(INFORMATION SHOWN)

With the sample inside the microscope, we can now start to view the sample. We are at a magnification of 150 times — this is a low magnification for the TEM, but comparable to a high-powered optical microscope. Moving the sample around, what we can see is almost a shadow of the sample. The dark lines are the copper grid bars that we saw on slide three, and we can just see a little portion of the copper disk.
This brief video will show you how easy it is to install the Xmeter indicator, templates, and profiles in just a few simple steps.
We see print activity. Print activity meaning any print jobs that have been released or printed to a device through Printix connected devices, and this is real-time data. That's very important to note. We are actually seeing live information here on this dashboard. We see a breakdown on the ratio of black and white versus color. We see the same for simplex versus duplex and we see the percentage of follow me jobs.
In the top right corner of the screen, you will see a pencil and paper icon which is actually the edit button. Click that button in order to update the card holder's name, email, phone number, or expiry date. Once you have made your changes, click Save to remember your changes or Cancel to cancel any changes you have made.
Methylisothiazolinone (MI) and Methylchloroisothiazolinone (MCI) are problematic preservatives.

(End INFORMATION SHOWN)
(INFORMATION SHOWN)

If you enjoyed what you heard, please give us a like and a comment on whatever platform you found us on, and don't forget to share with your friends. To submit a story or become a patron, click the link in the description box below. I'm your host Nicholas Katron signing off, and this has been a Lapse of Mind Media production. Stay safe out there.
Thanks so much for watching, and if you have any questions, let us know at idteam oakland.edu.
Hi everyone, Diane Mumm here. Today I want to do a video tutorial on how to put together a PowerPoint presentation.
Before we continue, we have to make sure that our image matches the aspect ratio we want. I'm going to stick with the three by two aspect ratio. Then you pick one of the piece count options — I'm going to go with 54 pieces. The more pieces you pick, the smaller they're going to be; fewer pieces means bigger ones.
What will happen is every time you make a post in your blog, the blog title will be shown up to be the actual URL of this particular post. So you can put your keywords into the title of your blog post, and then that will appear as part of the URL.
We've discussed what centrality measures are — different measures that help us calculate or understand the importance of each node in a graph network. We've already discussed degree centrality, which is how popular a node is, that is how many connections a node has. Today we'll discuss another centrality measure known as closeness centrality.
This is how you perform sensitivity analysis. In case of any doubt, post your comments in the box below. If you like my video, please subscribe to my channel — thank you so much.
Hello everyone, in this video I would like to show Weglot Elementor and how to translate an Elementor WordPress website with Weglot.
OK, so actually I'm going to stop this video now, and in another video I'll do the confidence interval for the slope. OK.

(End INFORMATION SHOWN)
(INFORMATION SHOWN)

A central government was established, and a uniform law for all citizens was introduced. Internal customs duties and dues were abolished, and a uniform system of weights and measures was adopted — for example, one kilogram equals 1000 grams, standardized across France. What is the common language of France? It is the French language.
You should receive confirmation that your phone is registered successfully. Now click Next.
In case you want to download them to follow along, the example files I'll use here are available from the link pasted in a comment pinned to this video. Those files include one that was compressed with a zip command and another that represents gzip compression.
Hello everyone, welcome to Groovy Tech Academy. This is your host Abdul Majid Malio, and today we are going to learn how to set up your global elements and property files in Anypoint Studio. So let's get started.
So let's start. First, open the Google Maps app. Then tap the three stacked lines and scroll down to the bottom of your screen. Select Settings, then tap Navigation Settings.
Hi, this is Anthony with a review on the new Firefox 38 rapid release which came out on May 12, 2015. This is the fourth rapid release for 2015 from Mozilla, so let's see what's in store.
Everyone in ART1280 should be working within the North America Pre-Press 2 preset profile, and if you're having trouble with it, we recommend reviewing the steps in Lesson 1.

(End INFORMATION SHOWN)

WORK REQUEST: From the entries above, restate word for word the lines from the line containing "You should receive" to the line containing "Everyone in ART1280", both ends included, and nothing more.

RESULT OF THIS EXERCISE:
You should receive confirmation that your phone is registered successfully. Now click Next.
In case you want to download them to follow along, the example files I'll use here are available from the link pasted in a comment pinned to this video. Those files include one that was compressed with a zip command and another that represents gzip compression.
Hello everyone, welcome to Groovy Tech Academy. This is your host Abdul Majid Malio, and today we are going to learn how to set up your global elements and property files in Anypoint Studio. So let's get started.
So let's start. First, open the Google Maps app. Then tap the three stacked lines and scroll down to the bottom of your screen. Select Settings, then tap Navigation Settings.
Hi, this is Anthony with a review on the new Firefox 38 rapid release which came out on May 12, 2015. This is the fourth rapid release for 2015 from Mozilla, so let's see what's in store.
Everyone in ART1280 should be working within the North America Pre-Press 2 preset profile, and if you're having trouble with it, we recommend reviewing the steps in Lesson 1.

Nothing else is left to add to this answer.